Good News

 

When Tony B. from Martha Stewart Living Magazine emailed me this past October that they were interested in featuring some objects Detroit Garden Works carries for their March garden issue, my heart skipped a beat.  OK, maybe many more than one beat.  Why wouldn’t my heart pound?  Martha Stewart has done plenty to make gardening mainstream.  I so admire how she connects thoughtful living, decorating, celebrating, cooking, gardening and growing-I read every issue.  I bring the recipes home for Buck.  Why is this?  I have choices about how to live my life day to day.  But I am, like many other people, interested in her take.  She has devoted an enormous amount of time to documenting and inspiring creativity.  In the home.  In the kitchen-and in the garden.  For regular people-coast to coast, and beyond.  She made a gorgeous garden seem attainable. 
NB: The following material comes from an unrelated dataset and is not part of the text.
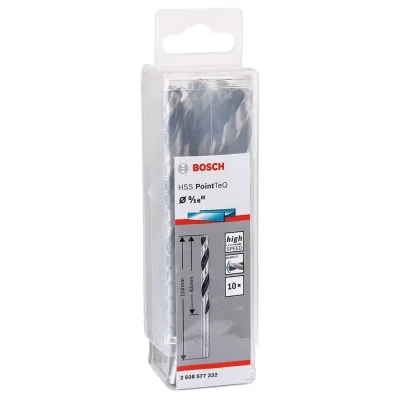 Brocas para Metal Bosch HSS PointTeQ 5/16" 7.9 mm Caja por 10 Unidades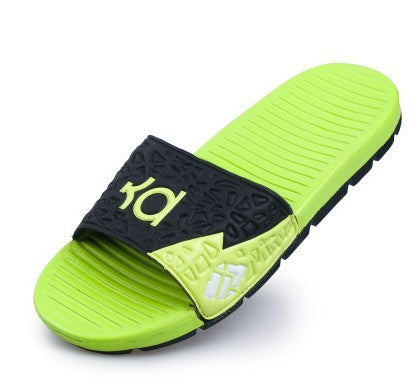Men CasualToe Sandals Black green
 Like you, I have failed miserably to repreduce her gorgeous outcomes-no matter how detailed her instructions might be.  My years ago kitchen never recovered from my efforts to reproduce her spun sugar.  My garden in no way looks like hers.  This has never really bothered me.  The important thing is that she encouraged me to try all sorts of things. She tells me where she shops.  Whom she admires.  She sows all kinds of seeds-she is a teacher.  Regularly and reliably I will run from learning something.  Maybe that’s from worry that I cannot learn something. But I seem to have no problem trying out what she suggests.  I treasure her for this.

I am not always so interested in what is hip, current and fashionable-I have my own ideas about things.  But I respect her take.  I can be fancy-talk to me about hellebores, landscape design, good garden plants, winter containers, garden antiques-and so on.  But I can also be a plain and simple citizen-interested in a little guidance, a few fresh ideas.  Anyone who sows seed gets my respect.  Seed sowers-they are a breed all their own.  They might generate an idea, a recipe, a design; they plant.  They conduct.  They advise.  They suggest.  They connect with you and me and lots of others.  One seed at a time, they make a difference.  One seed at a time, they speak up. 

In any event, I could not be more pleased that Martha Stewart Living reserved a place for three items we carry-in their “Great Finds- Our 50 favorite products, projects and places inspired by the world of gardening.”  I could not be more pleased that Detroit Garden Works was included in their list.  One item, sourced by Rob.  Another-by me.  And the third-a product we manufacture.  I very much like this part.  Many thanks, Martha Stewart Living.